──────── Provided data

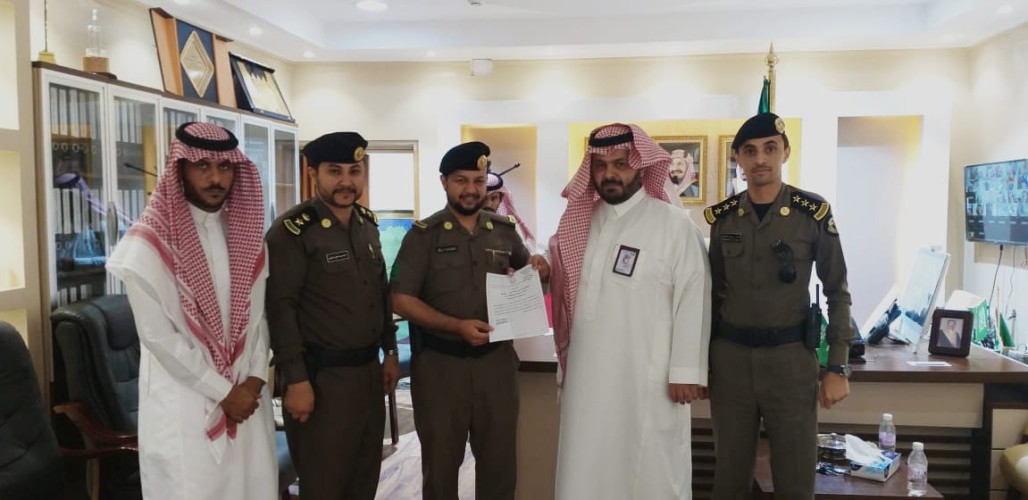 محافظ الداير يكرم مديرمرور الداير لجهوده في فترة رمضان والعيد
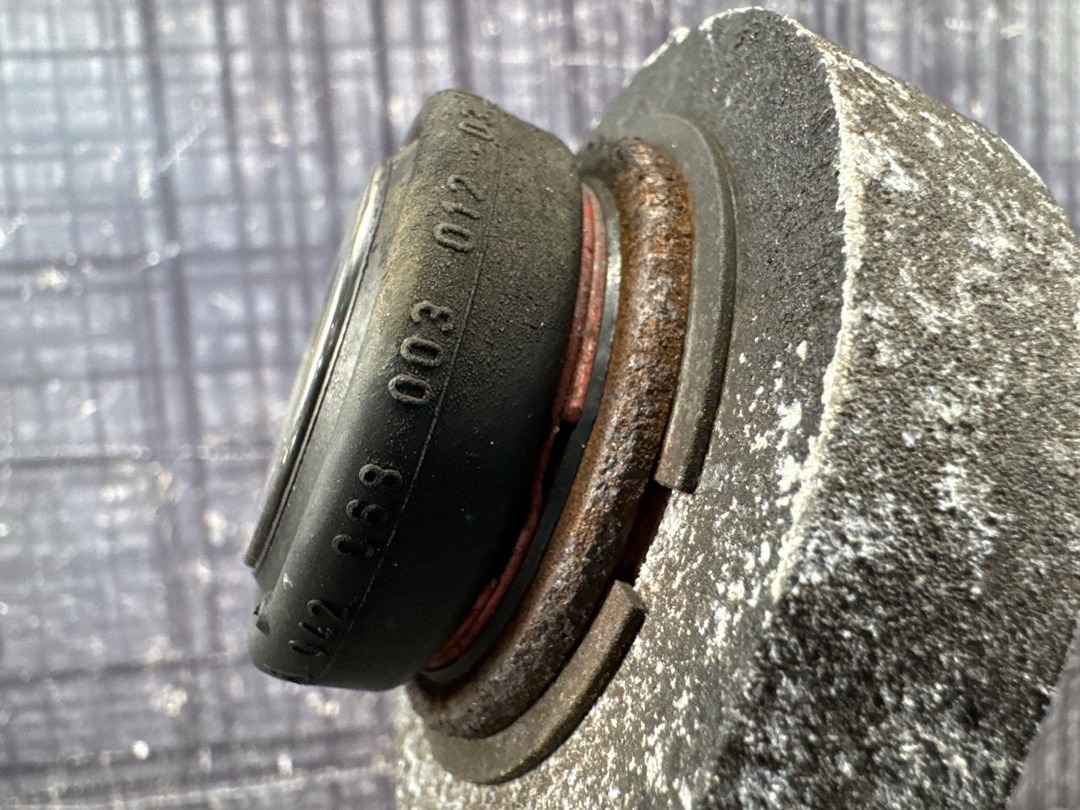 Поворотный кулак, 2630 рублей, Красноярск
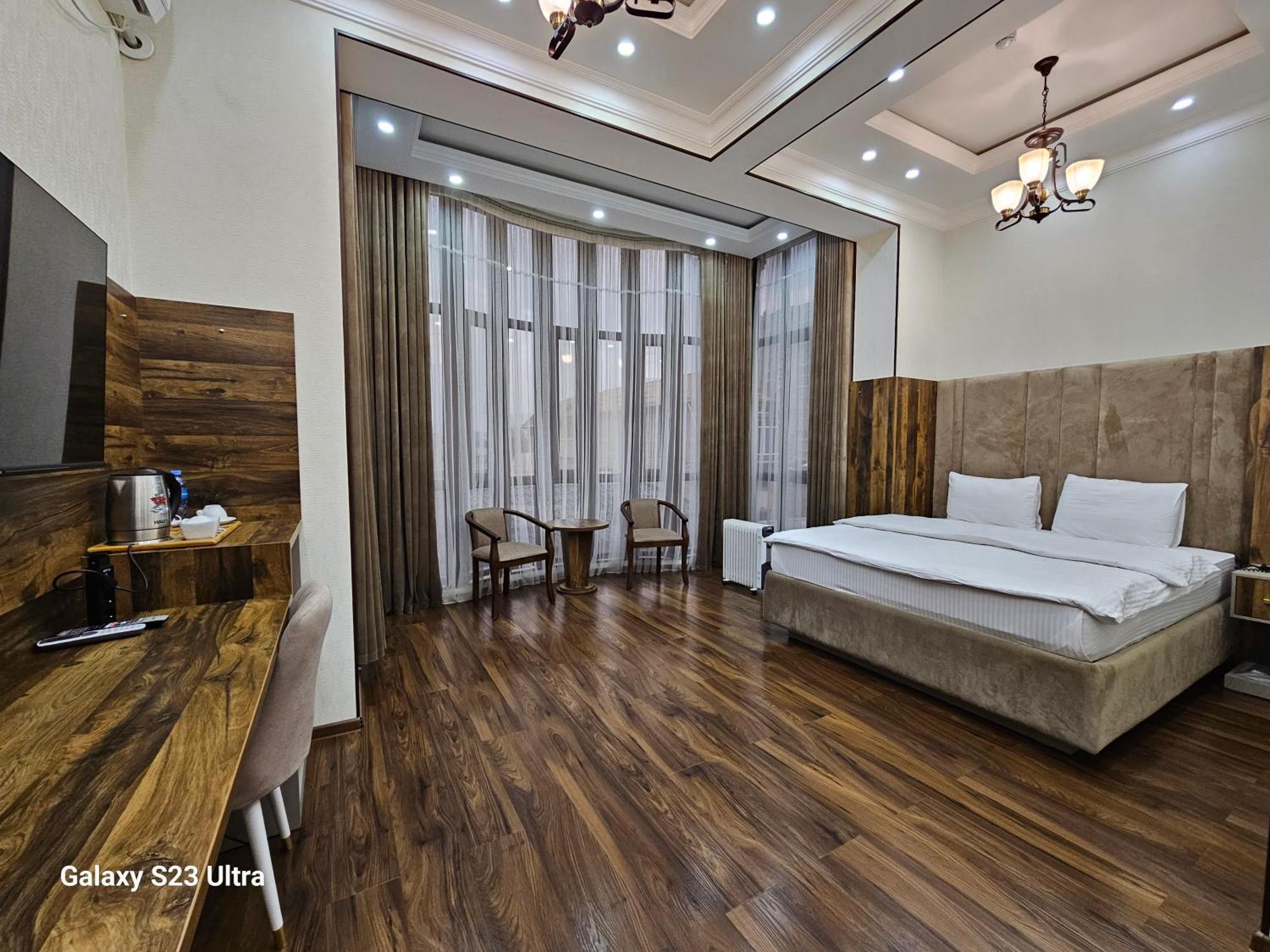 Hotel Sharq Dushanbe Esterno foto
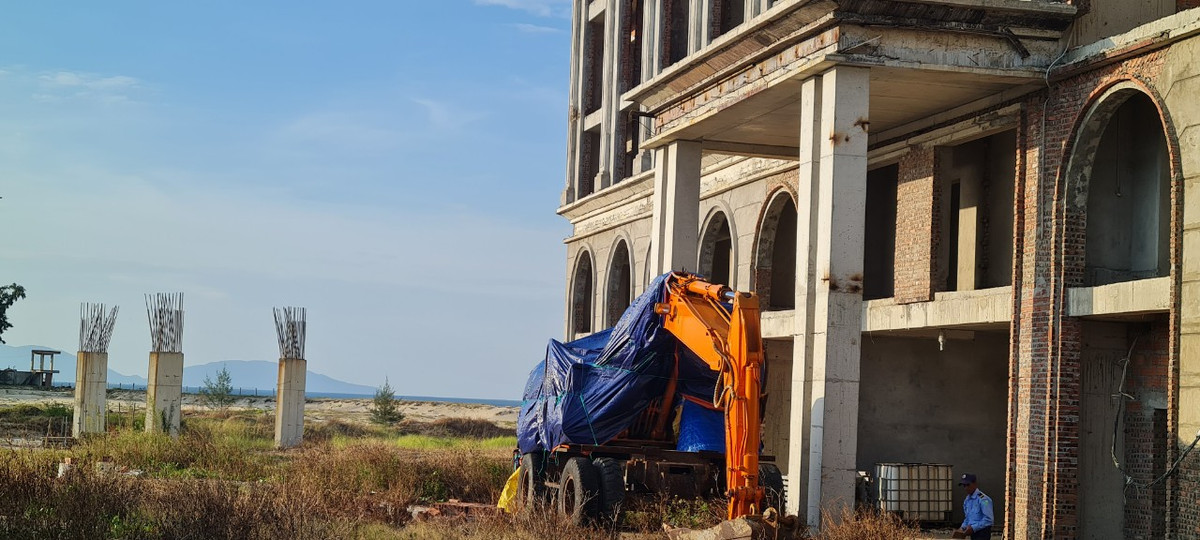 Nhiều hạng mục mới chỉ được xây dựng dang dở, chưa rõ hình hài, sau một thời gian bỏ hoang, đã bắt đầu xuống cấp nghiêm trọng. Sắt thép hoen gỉ trên những trụ bê tông được xây dựng dở dang.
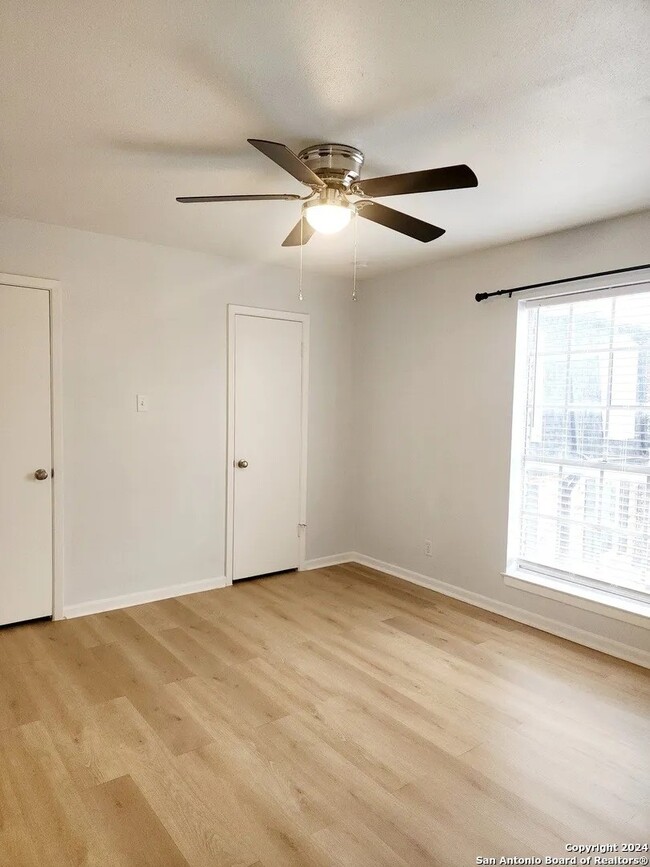 Photo - 8401 N New Braunfels Ave Unit 218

────────────────

■ Task instructions ■
When you write out the material above, keep every line exact and drop each picture.

■ Reply ■
 محافظ الداير يكرم مديرمرور الداير لجهوده في فترة رمضان والعيد
 Поворотный кулак, 2630 рублей, Красноярск
 Hotel Sharq Dushanbe Esterno foto
 Nhiều hạng mục mới chỉ được xây dựng dang dở, chưa rõ hình hài, sau một thời gian bỏ hoang, đã bắt đầu xuống cấp nghiêm trọng. Sắt thép hoen gỉ trên những trụ bê tông được xây dựng dở dang.
 Photo - 8401 N New Braunfels Ave Unit 218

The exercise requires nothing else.